恥ずかしいとはこういうことなのだと、強く思いました。
「別に構わんよ、というかちょっとした冗句だ。俺がチアガールの格好をさせられることなど、まず無いだろうからね。尤も、ミニスカート姿の自分を大衆に見られるのがゾッとしないというのは本音だが」
「あ……えへ」
「引くんじゃあないよ、君。想像の話だ」
浅野くんは苦い顔をしています。けれどもそれは違うのです。
私は引いていたのではなく、脳裏に浮かんだチアガール姿の浅野くんに、とてもドギマギしていました。
私の心をザラつかせていた男子たちの騒めく反応が、一転してよく分かります。
「私、引いてないよ。その、ただ、浅野くんに、ミニスカート履いてほしいなって、思って」
「えぇ?」
「あっ、ご、ごめんね? 間違えちゃった。あの、あのっ……!」
「や、落ち着きたまえよ。ミニスカートは履かないけれど、君が何を思おうがそれは君の自由だ」
「あ、うん。そう、うん。考えてることなんて、どうせ誰にも分かんないもんね」
間違った言葉だと分かりながらも、言わずにはいられませんでした。
本当に思ったことは思った通りに伝わらなくて、見透かしてくるお母さんやあゆみちゃんみたいな人には、私の気持ち悪さがバレてしまう。
浅野くんは優しいし、色んなことを見抜いてくれるけど、好きだから首を絞めていたいのも、ミニスカートを履いて欲しいのも、理解してはもらえない。

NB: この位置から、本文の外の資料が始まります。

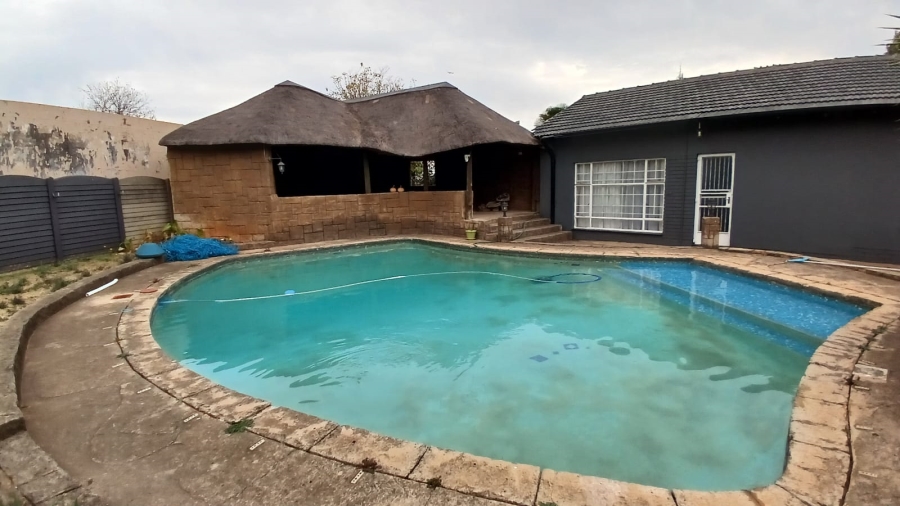 3 Bedroom Property for Sale in Birchleigh Gauteng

そんな事実がふと、寂しいことなのではないかと思えてしまったから。
私の目を、チラリと彼の目が見ます。
「考えていることがどうせ誰にも伝わらないというのは、まあそうだ。けれども君に想像の自由が許されている理由はそうではなくて、ただ止めようがないから」
「止めようがないから?」
「ああ、止めようがないことを禁じられるのは、息苦しいだろう? 諦めようとしても、止めようとしても、やっぱりどうしようもないことは、きっと大切なことだ。誰に理解されなくとも」
「でも浅野くんは私に首を絞められるの、イヤでしょ?」
「……ああ、俺は首を絞められるのが怖い。けれどそれは俺が嫌だというだけで、世界に禁じられているわけではない。君は今にも俺の首を絞めることだってできる。そしてそれが、できることなのであれば、きっと諦めないに越したことはない」
いつの間にか彼は、真っすぐに私を見つめていました。
私の鼓動は早くなっていて、世界からその首筋が際立ちます。
私は気が付くと手を伸ばしていました。
手がゆっくりと蛇のように這い寄り、彼の細い首筋を捕まえます。
力を込めればその血流が感じられ、手の下の皮膚が赤く色づいていくのでしょう。
私は、何度も何度も浅野くんの首筋を撫でました。
力を込めようかと思いました。
浅野くんの瞳は揺れていて、喉は何度も唾液を嚥下しています。
私はそっと手を引いて、自分の膝に乗せました。
「……なんか、ね。学校でも、浅野くんに話しかけて、いいかな?」
想像の中で、強く、強く、首を絞めました。
「ああ、構わんよ」
浅野くんは、優しい顔で笑います。
それは嬉しい現実で、手に残る脈動の感触は、ただの虚しい空想でした。